In a recent blog post, he said both sides are prone to picking the facts that suit their own agenda, and pushing aside the figures that do not.

“Unsurprisingly, both sides of the debate cherry-pick the statistics that support their side of the argument, but both are also prone to misrepresent the facts and to neglect data that tell a different story,” he wrote.

So how much does Britain contribute?

As might be expected, one figure does not give the full story. Full Fact, a charity which checks factual claims made by politicians, pressure groups and the media has broken down Britain’s contributions to the EU budget for last year.

Without a rebate that the UK gets every year on its membership fee, it would have had to contribute £18 billion.

However with the rebate - which last year was £5 billion - the actual membership fee stood at £13 billion.

Take from that the amount the EU spent on Britain - £4.5 billion - and you are left with a net contribution of £8.5 billion.

Wait - a rebate, what’s that?

In 1984, then prime minister Margaret Thatcher threatened to stop payments to the budget at a time when the UK was on track to become biggest net contributor to the EU budget, while at the same time being the third poorest member.

At a summit in Fontainebleau, she said she was not asking other member states for money, but for Britain's money back.

Fans of the Iron Lady saw the establishment of the rebate - 66 per cent of the gap between what it paid in and what was paid back - as one of her finest moments. It is applied straight away so the money does not go to Brussels and then come back to the UK.

Sounds a lot, why so much?

At the time, spending by Europe was mostly aimed at farms - 70 per cent of spending in fact. Since the UK had a relatively small number of farms, it got a small share of the farm subsidies. Hence the move by Thatcher to pull some back.

What about the £4.5 billion that is spent on Britain?

Every EU country gets money to support development. In Britain’s case, this amounted to £4.5 billion last year in regional aid and agricultural subsidies.

According to Full Fact, this mainly went to farmers and for poorer areas, including Wales and Cornwall.

With no lack of glee from some - or possibly many - quarters, it was noted that the editor of the eurosceptic Daily Mail, Paul Dacre, benefited from £88,000 in EU subsidies for his country houses in Sussex and the Scottish Highlands in 2014 under the Common Agricultural Policy.

But Britain is still a net contributor to the EU?

To the tune of £8.5 billion.
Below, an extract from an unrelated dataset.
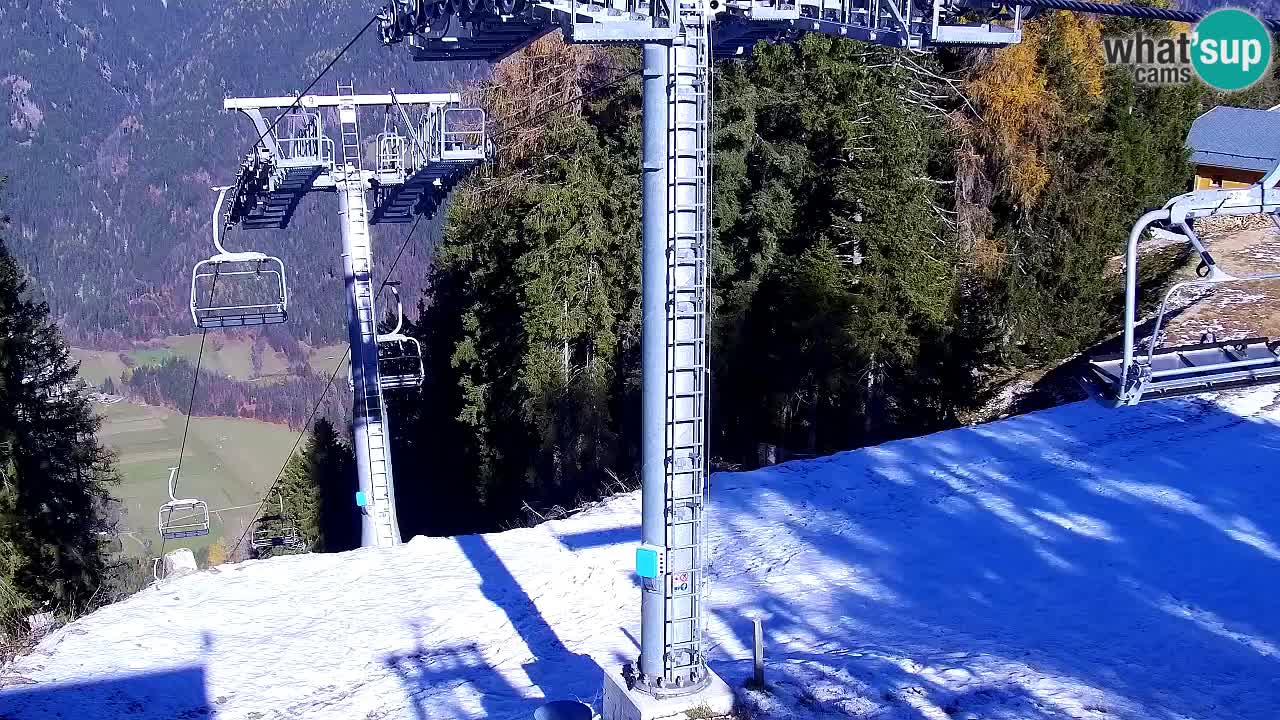 Kranjska Gora webcam VITRANC 2 | Bergstation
Iain Begg points out that through the country's 43 years of membership of the EU, just the UK and Germany have "consistently been net contributors" to the finances.
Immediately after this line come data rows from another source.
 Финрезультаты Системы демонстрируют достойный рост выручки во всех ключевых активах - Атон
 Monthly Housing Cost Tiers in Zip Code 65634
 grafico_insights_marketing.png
Step back a bit - how is the budget worked out in the first place?

Member states are expected to contribute 1 per cent of their GDP to the EU budget.

Since the rebate, Britain has had to pay slightly less than this proportion, however.

Eurostat figures put Britain eighth out of 10 of the highest net budget contributors per head - behind Holland, Sweden, Germany, Denmark, Finland, Austria and France.

From another angle, European Commission figures put the UK as the third biggest contributor to the EU budget, just behind France and Germany.

But still, if Britain leaves, the Treasury still stands to save £8.5 billion?

Not so simple. The idea that a Brexit would equal lower tax bills is a strained concept, according to a recent analysis in the Economist.

For access to the single market, Britain would still have to pay. This could be achieved by joining Norway, Iceland and Liechtenstein in the European Free Trade Association.

However, Norway pays about 90 per cent of Britain’s net contribution to the EU.

Any savings would also have to be seen in context of what is expected to be an upheaval in the markets if a vote for Brexit goes through.

When London lord mayor Boris Johnson announced he backed a Brexit, the pound suffered the biggest one-day fall against the dollar in five years.